Instagram

L’irrésistible envie de prouver qu’on y était…

En matière de tourisme, Instagram n’a pas bonne presse. On l’accuse d’avoir ruiné les meilleures destinations en popularisant des endroits jusque-là secrets. Pourtant, une part importante des sites saturés n’ont pas attendu l’invention de la perche à selfie pour connaître les dégâts du surtourisme.

Difficile d’attribuer au seul réseau social l’encombrement de la tour de Pise, de la grande muraille de Chine ou du Machu Picchu (tous trois figurent pourtant dans une liste des destinations de vacances « ruinées par Instagram », selon The Independant).

« Ce que révèlent ces articles, c’est l’angoisse du voyageur cultivé devant l’appropriation des lieux », analyse l’anthropologue Saskia Cousin.
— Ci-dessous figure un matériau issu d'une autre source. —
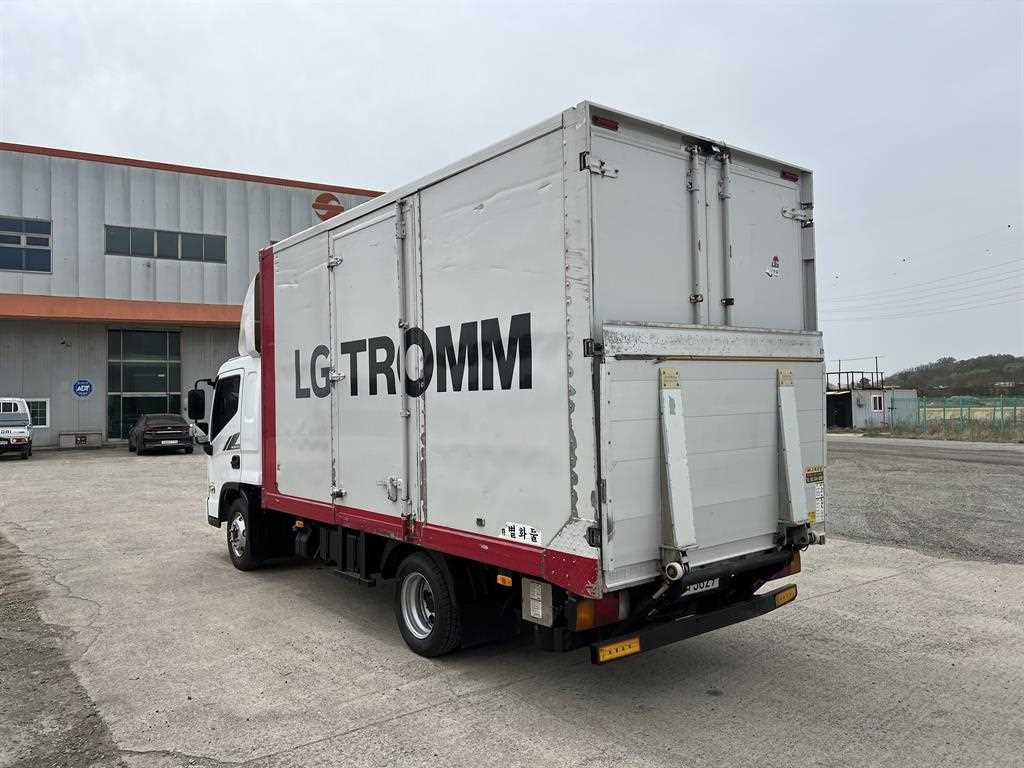 medium and large cargo truck - Vista 7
On n’aime pas que d’autres arrivent dans un endroit censé être préservé, et ce n’est pas nouveau. Au XIXe siècle fleurit un tourisme distingué, mais quand le commun des mortels débarque, les aristocrates changent de lieux de vacances. Dès les années 1930 – avec l’avènement des congés payés – on déplore l’invasion des plages.

Jusqu’à preuve du contraire, ce n’est pas la répétition et la diffusion d’une image qui pose problème, c’est l’absence de régulation des flux touristiques et la mauvaise répartition des revenus qu’ils induisent.

Quant au comportement si décrié des instagrammeurs, il mélange souvent des réalités très différentes. Selfies de mauvais goût à Auschwitz ou Tchernobyl, prise de risque pour prendre une photo sur une falaise, manque de respect envers les cultures locales.

Les instagrammeurs agacent ? Reste à chacun la possibilité de vivre une expérience plus riche que celle de poster la photo qui sera la plus “likée”. Ceux qui veulent échapper à ce schéma peuvent viser des sites dont aucune image n’est disponible. Qui cherche, trouve.